[v3] ld/PE: Handle MS style import libraries for files named *.exe too
Checks
Context |
Check |
Description |
linaro-tcwg-bot/tcwg_binutils_build--master-arm |
success
|
Build passed
|
linaro-tcwg-bot/tcwg_binutils_build--master-aarch64 |
success
|
Build passed
|
linaro-tcwg-bot/tcwg_binutils_check--master-aarch64 |
success
|
Test passed
|
linaro-tcwg-bot/tcwg_binutils_check--master-arm |
success
|
Test passed
|
Commit Message
When handling MS style import libraries (also called short import
libraries, or ILF), we need to detect the kind of library.

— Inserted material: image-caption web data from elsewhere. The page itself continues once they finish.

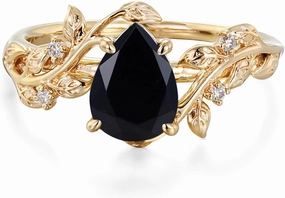 10K/14K/18K Solid Gold 1 Carat Pear Gemstone Vintage Engagement Ring for Women Nature Inspired Birthstone Leaf Vine Art Deco Wedding Promise Anniversary Rings for Her Wife Bridal Size 4~12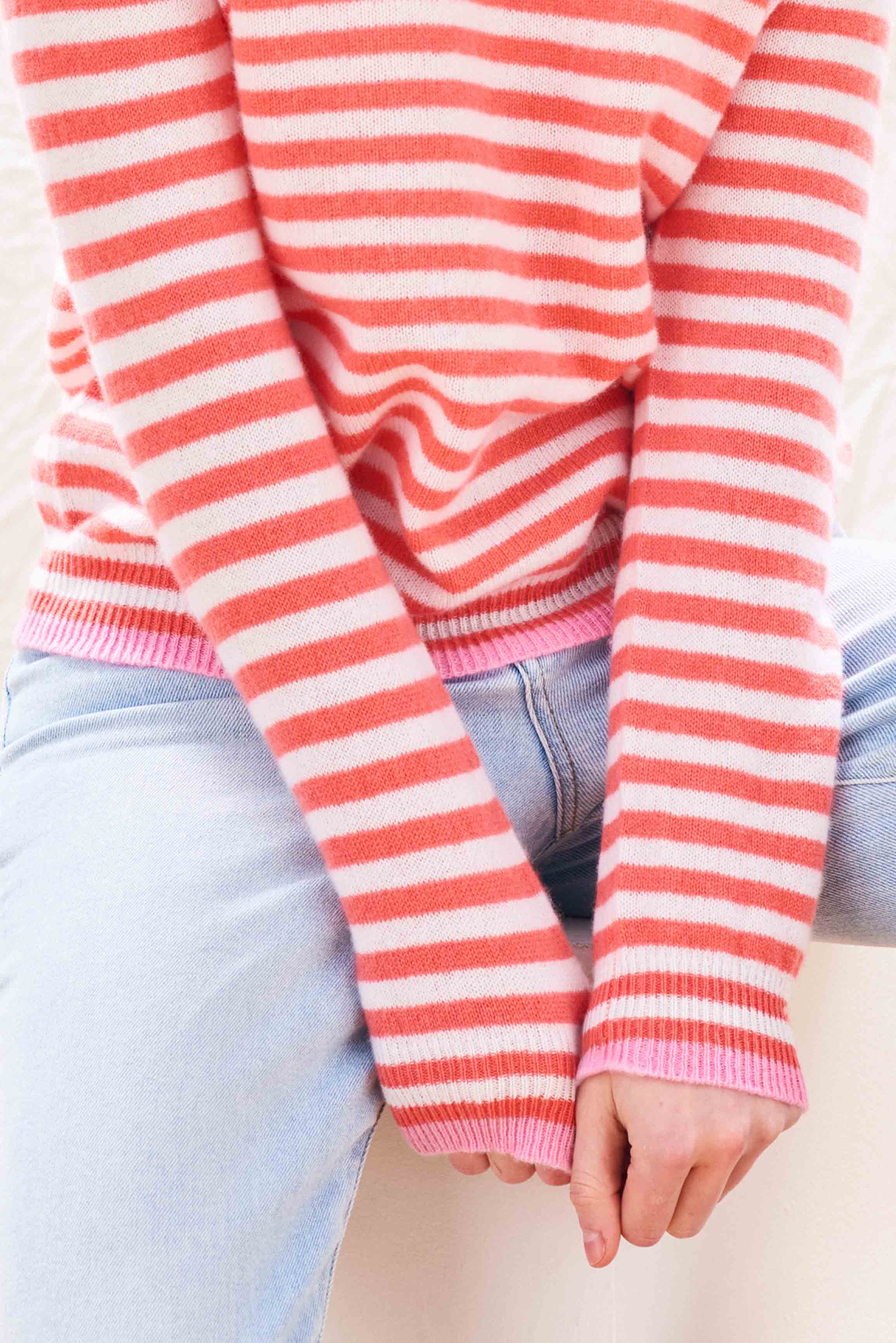 Cashmere Tipped Little Stripe Crew in Coral - Image 3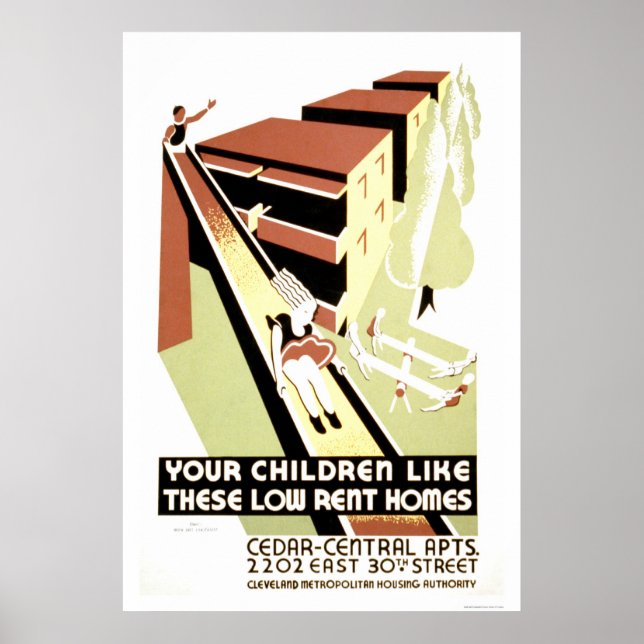 Low Rent Home Cleveland 1940 WPA Poster (Front)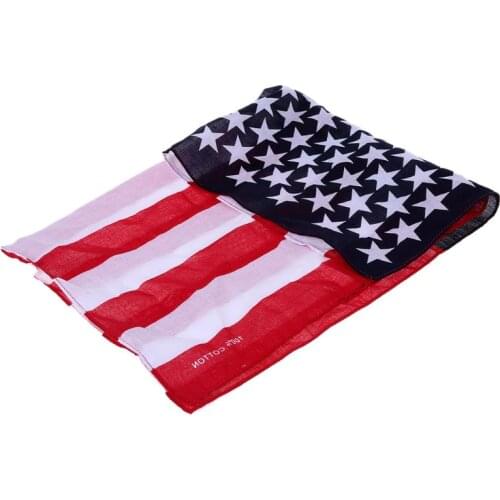 Unisex 1pcs American Flag Cotton Scarf New Fashion Unisex US Flag Scarves Bandanas Hip-hop Dance Travel Head Scarf
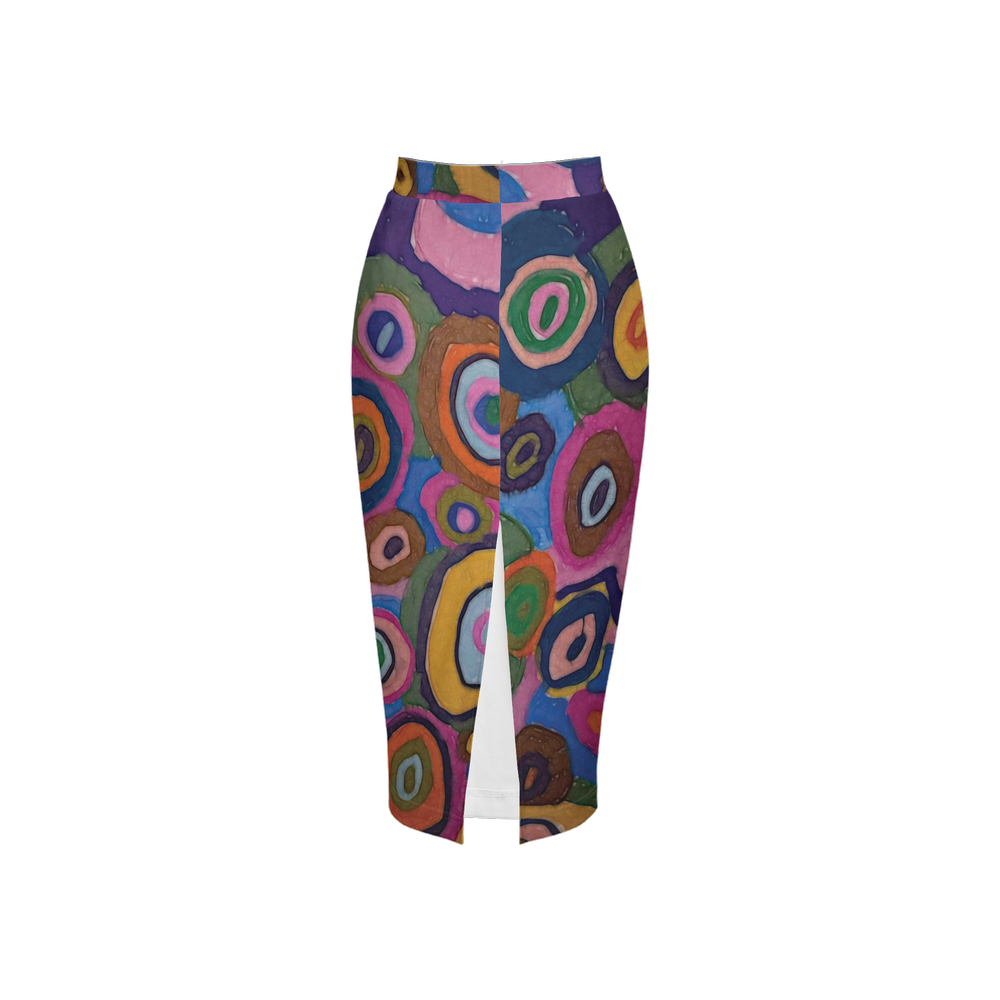 Warm Autumn Bubbles Women's Back Split Pencil Skirt-Heavy Knit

So far, this has been done by looking at the member file names
in the import library - in an MS style import library, all the
member files for a specific library have the same member file
name - the name of the runtime module to link against. Usually
this is a DLL - thus we do a case insensitive comparison and
check if the suffix is .dll.
However, an .exe can also export symbols which can be linked
against in the same way. In particular, if linking against
WDK (Windows Driver Kit) import libraries, e.g. wdmsec.lib, the
import libraries can provide imports for ntoskrnl.exe.
Instead of specifically checking for *.dll (and *.exe, etc),
invert the condition and skip archive members named *.o and *.obj.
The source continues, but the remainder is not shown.